Narrow the data below down to the lines containing "Dress".
[[ Material shown, beginning ]]
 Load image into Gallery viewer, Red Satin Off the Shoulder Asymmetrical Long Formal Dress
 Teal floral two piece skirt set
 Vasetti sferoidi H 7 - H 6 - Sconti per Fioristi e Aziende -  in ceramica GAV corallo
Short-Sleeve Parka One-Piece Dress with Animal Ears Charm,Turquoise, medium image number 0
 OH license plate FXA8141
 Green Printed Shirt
[[ Material shown, end ]]
[[ Material shown, beginning ]]
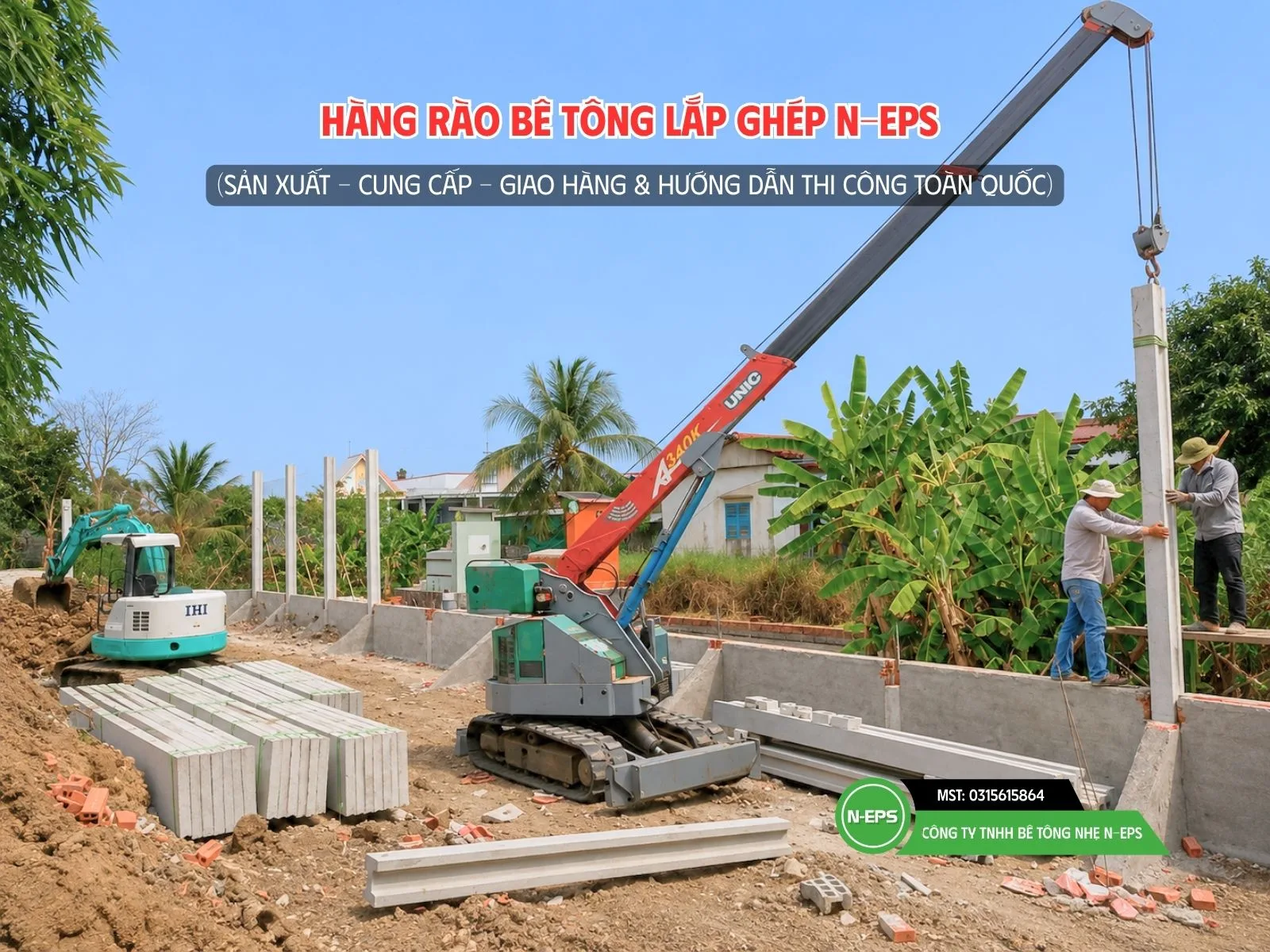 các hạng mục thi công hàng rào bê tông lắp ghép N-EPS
[[ Material shown, end ]]
[[ Material shown, beginning ]]
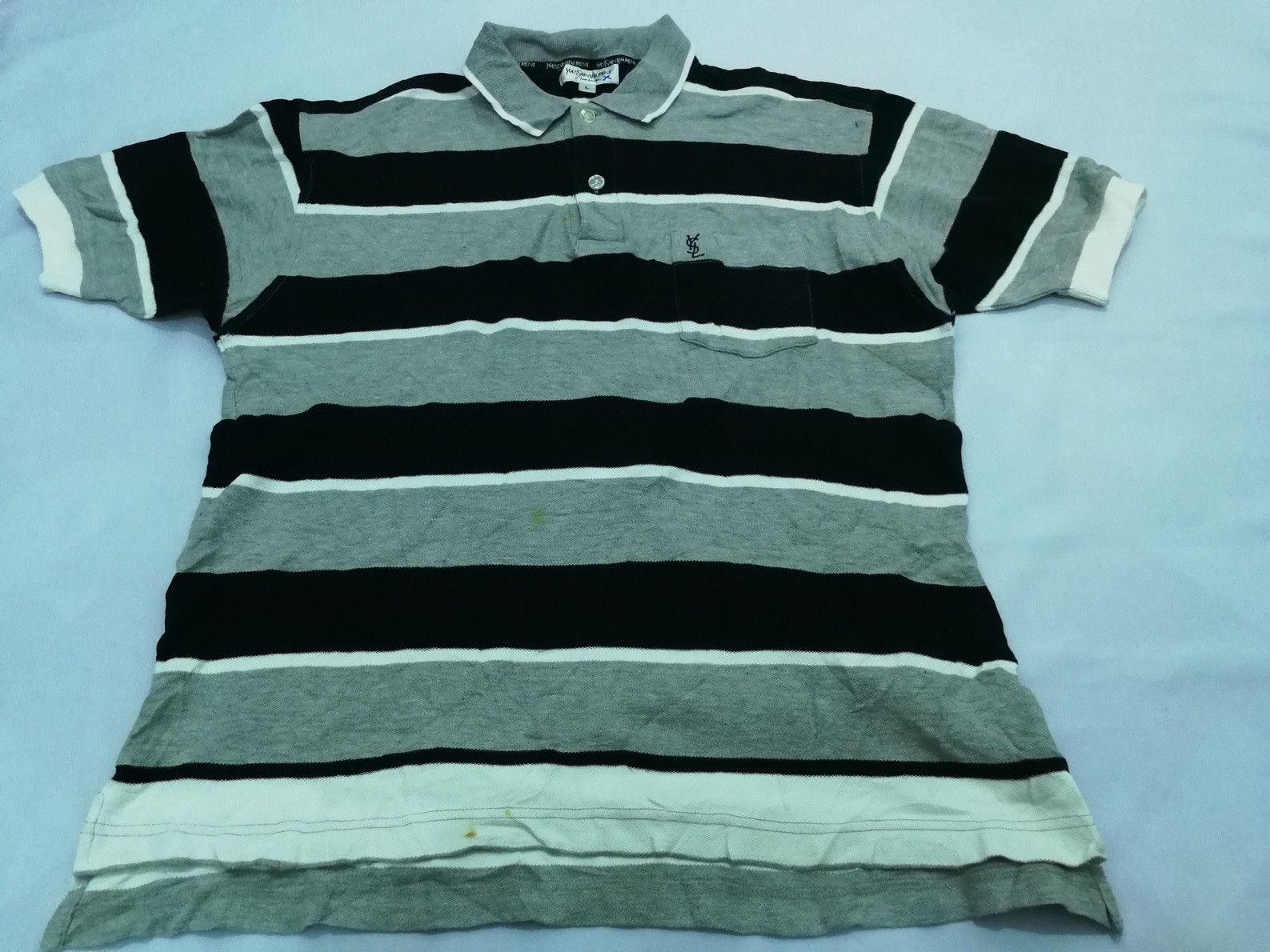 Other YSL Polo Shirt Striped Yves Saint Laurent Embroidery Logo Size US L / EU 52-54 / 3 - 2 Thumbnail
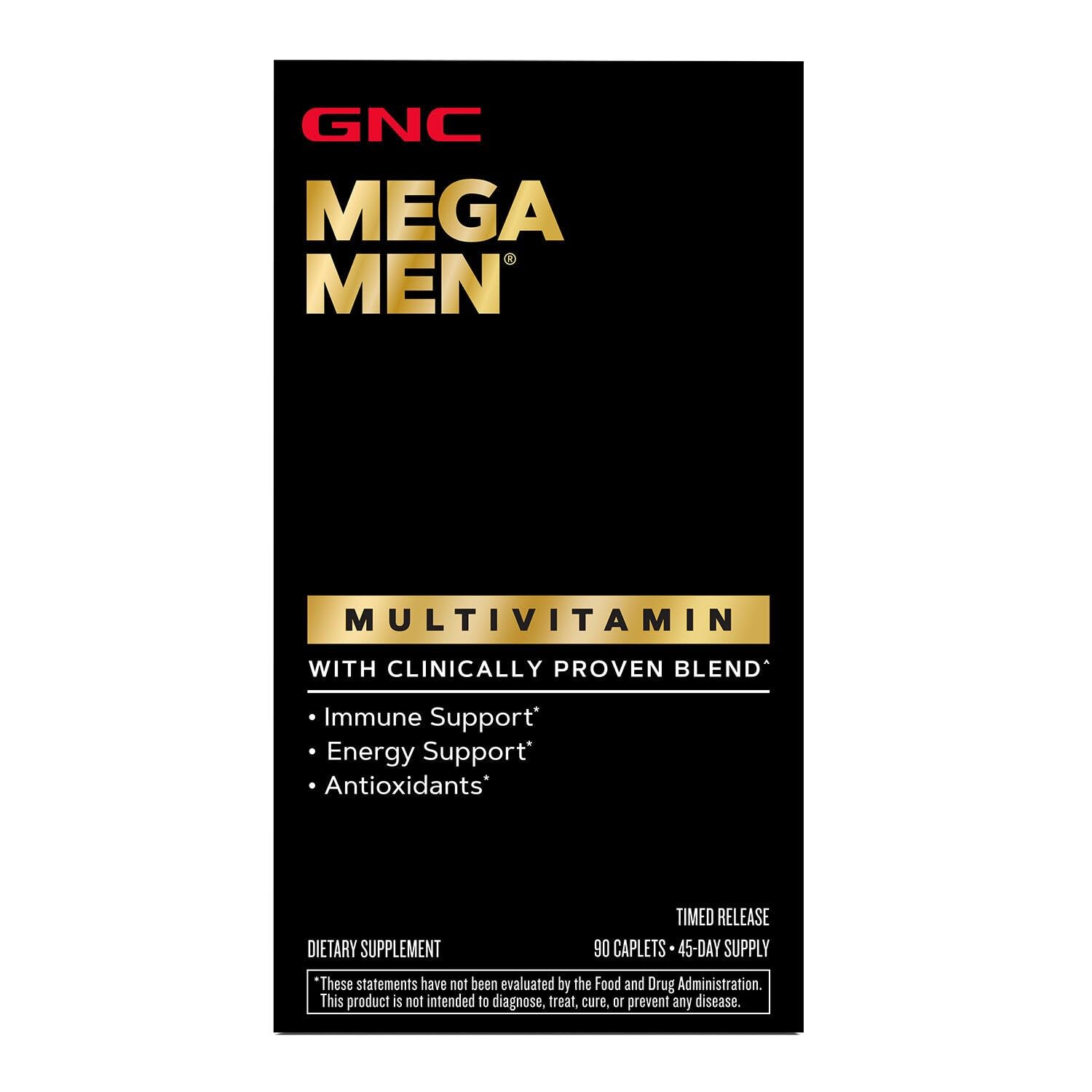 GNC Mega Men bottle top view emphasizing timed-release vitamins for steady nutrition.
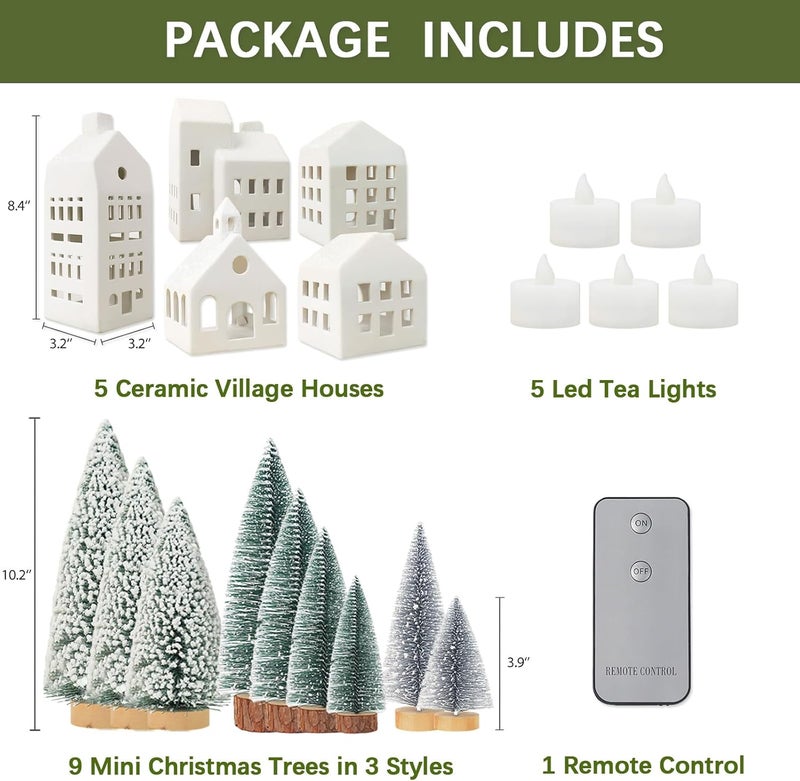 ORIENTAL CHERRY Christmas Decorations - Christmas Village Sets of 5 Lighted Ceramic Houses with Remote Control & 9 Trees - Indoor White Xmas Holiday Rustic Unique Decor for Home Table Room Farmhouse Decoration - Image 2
[[ Material shown, end ]]
* Exercise result
 Load image into Gallery viewer, Red Satin Off the Shoulder Asymmetrical Long Formal Dress
Short-Sleeve Parka One-Piece Dress with Animal Ears Charm,Turquoise, medium image number 0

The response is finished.